Up to now, I've ignored other books, other writers. Just done my thing. I haven't read any writerly self-help books or paid much attention to what professionals might think.
I just kind of cloistered myself in my own fictional worlds.
So now I'm getting these other writers in my face, unavoidable if I want to read a newspaper from a New York full of creative types. It's enough to make me insecure about my abilities and talents. I tell myself it doesn't matter--just like I tell myself it doesn't matter how many books I sell, or how many good reviews I get, or whether I'm published in the mainstream and carried in the bookstores.
It doesn't matter--but of course it does.
It doesn't matter. I'm just going to keep doing my own thing. Just try to be steady. I write every day, even when I don't want to. I appear to have a strong willpower when it comes to writing. I force myself on my four mile walk on days I don't want to, I force myself to sit down and write at least 1000 words, and little by little, the book gets written.

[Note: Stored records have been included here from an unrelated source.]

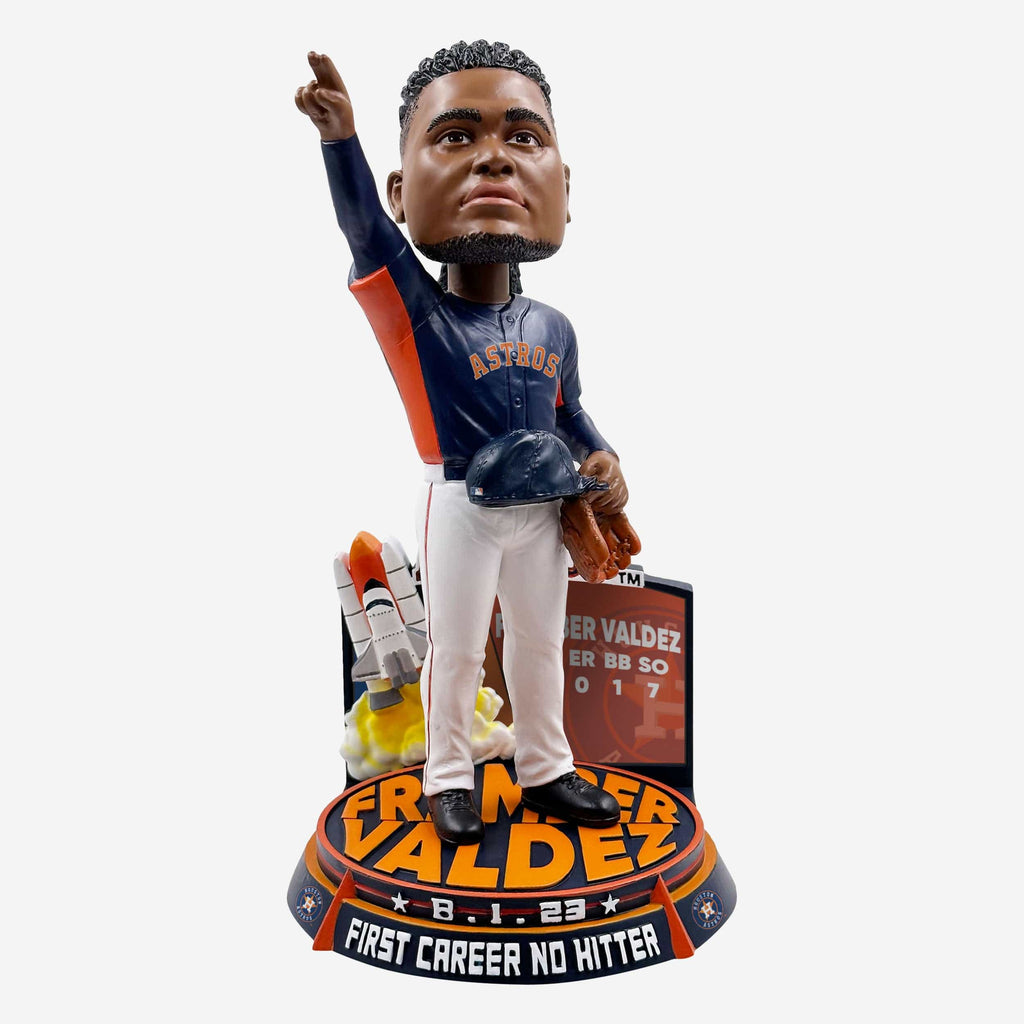 Framber Valdez Houston Astros No-Hitter Bobblehead FOCO - FOCO.com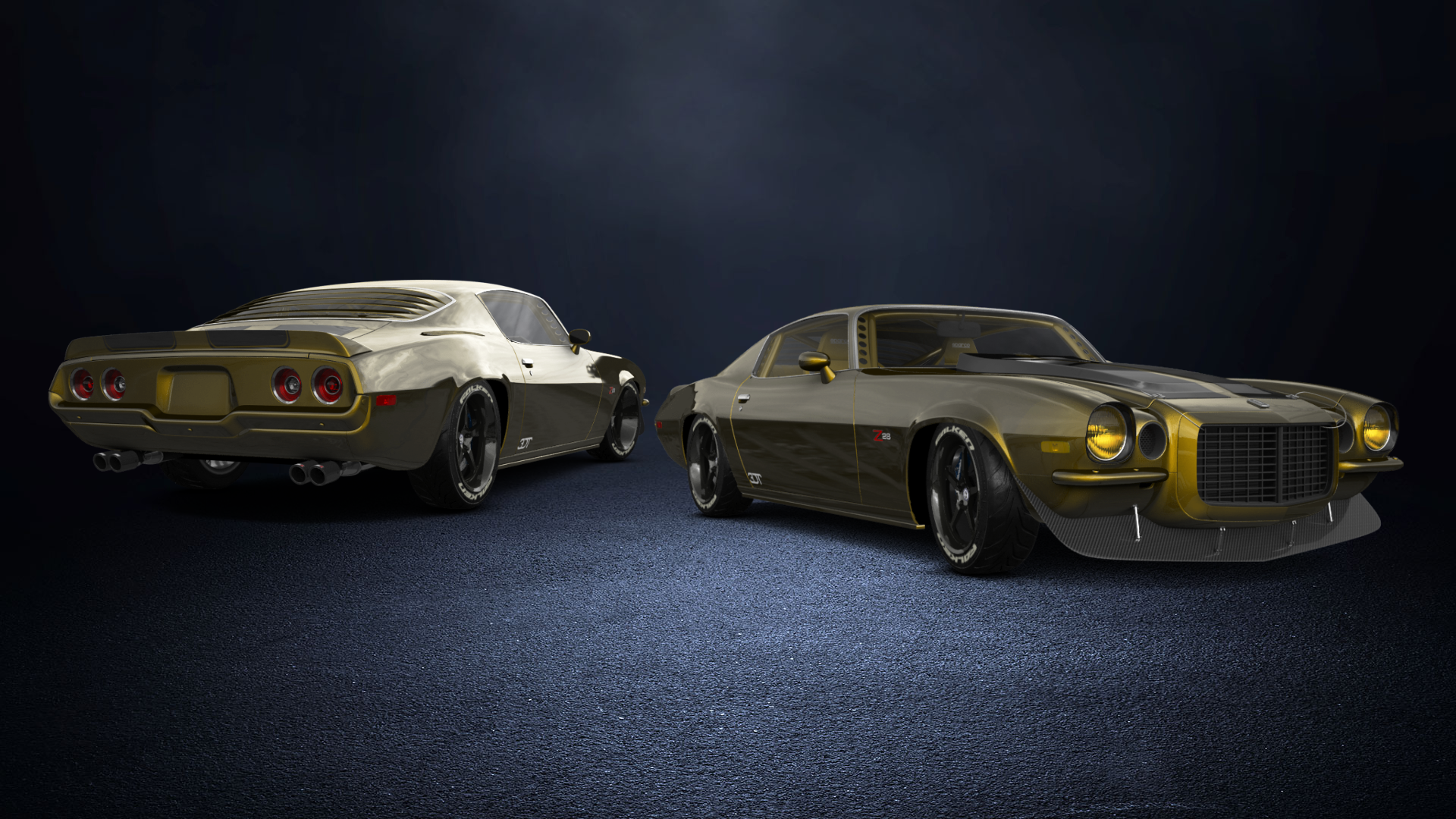 Chevrolet Camaro Z28 2 Door Coupe 1970 tuning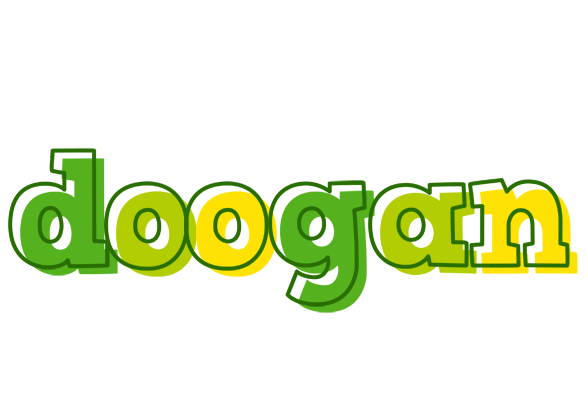 Doogan juice logo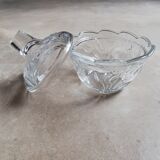 Glass candy box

I'd love to wait around for the wellspring to overspill, to feel inspiration come upon me, to do nothing that isn't purely creative utopia.
But if I did that, I'd produce about three partial stories a year, just like I did for 25 years. Snippets of 10 or 25 or 50 pages at a time, promising starts that go nowhere.
Thing is, once I start writing, the creativity happens anyway--through doing.
The water from the wellspring is the same water, whether it's overfill, or lapping at the edges and can be drunk from a cup, of whether I have to lower a bucket and pull it up.
I don't really have that many illusions about my talent--I think my estimation has been pretty much borne out by events. I thought there were certain potentials, and those potentials seem to be happening.
Slowly, oh so slowly.
Too bad I couldn't have seen this 25 years ago, but back then I was on a different trajectory. Mostly because I had horrible habits and debilitating doubts. I needed to make a living, and the bookstore was so damn interesting, and Linda and the boys were so important, that I didn't really ever regret it.
I made the right choice.
In fact, I can be a full-time writer now without any pressure because I've already had a career. I have the same creative energy I had when I was 28, but without the time and money constraints.
My habits, my process, are so much better and getting refined all the time.
My attitude is almost the opposite from when I quit--instead of questioning the viability of every idea, my approach is the write anything that comes to me, to never say no, the try to fit it ALL IN.
I've already seen more progress than I expected. My original goal was to finish just one more book, and then to see if I couldn't get it published. I mostly expected to self-publish (though I admit I thought that would have more significant results).
So all the activity that's happened has been somewhat unexpected.
I think that I could get a regular gig going in the mainstream (my own estimation) but it would probably take another 5 years of trying. That would be interesting, but I'm more and more inclined to wonder if that is really what I want to do.
The thing I learned in my business is to do my own thing, as much as possible. To not bend to desires for money or notoriety. To do the modest, satisfying thing.
I probably should apply that to my writing.